“Hangin’ On A String (Contemplating)” by Loose Ends (1985)

Loose Ends is a group that doesn’t get enough props. They were one of the first British soul groups to make noise with R&B audiences; as a matter of fact, “Hangin’ On A String” was the first song by a UK act to top the American R&B charts¹. Their sound was familiar and exotic at the same time. Vocalists Jane Eugene and Carl McIntosh sang with a detached cool; they were never overwrought or aggressive. You can hear echoes of their aesthetic in modern day artists like Syd, who have expanded soul music’s sound beyond the gospel-derived vocal riffing that the genre is famous for.

The trio also benefitted from the production savvy of Philadelphian Nick Martinelli. “Hangin’ On A String” was his launchpad as well, and he spent a decade or so behind the boards for acts ranging from Phyllis Hyman to Stephanie Mills to Regina Belle.
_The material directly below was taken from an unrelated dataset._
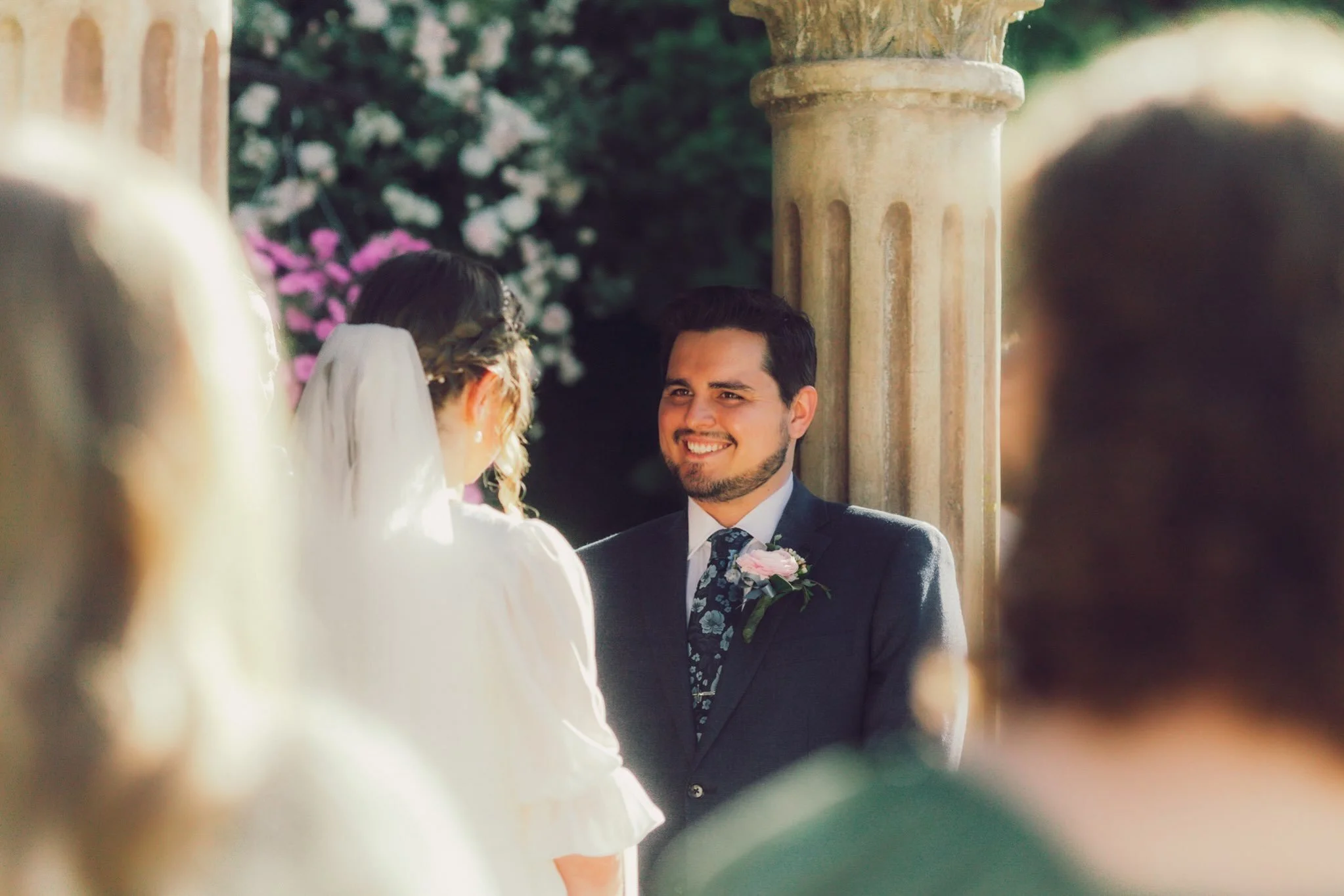 It&rsquo;s the hour of the wedding 🤘 

#utah #wedding #photographer #saltlakecity #garden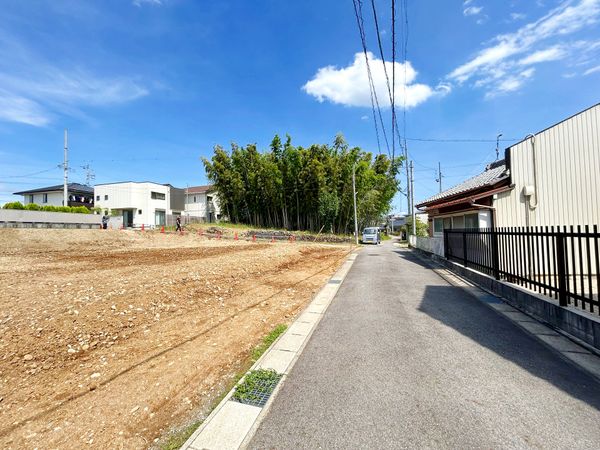 前面道路含む外観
On “Hangin'”, Martinelli plays into the “cool” aspect of the vocals. The synthesizer-dominated production is danceable, but laid back as well. There’s an exotic element to the sound as well. It’s not obviously British, it’s maybe an amalgam of American soul, British pop, and the Loose Ends members’ West Indian ancestry.

The Martinelli/Loose Ends partnership lasted for three albums; and results in at least one more song on this list. Stay tuned.

Also, props to Loose Ends for teaching this 9 year-old word nerd the word “contemplate”.

¹-I guess Paul McCartney beat them by two years as the featured artist on “The Girl Is Mine”, but then again, that wasn’t really his record.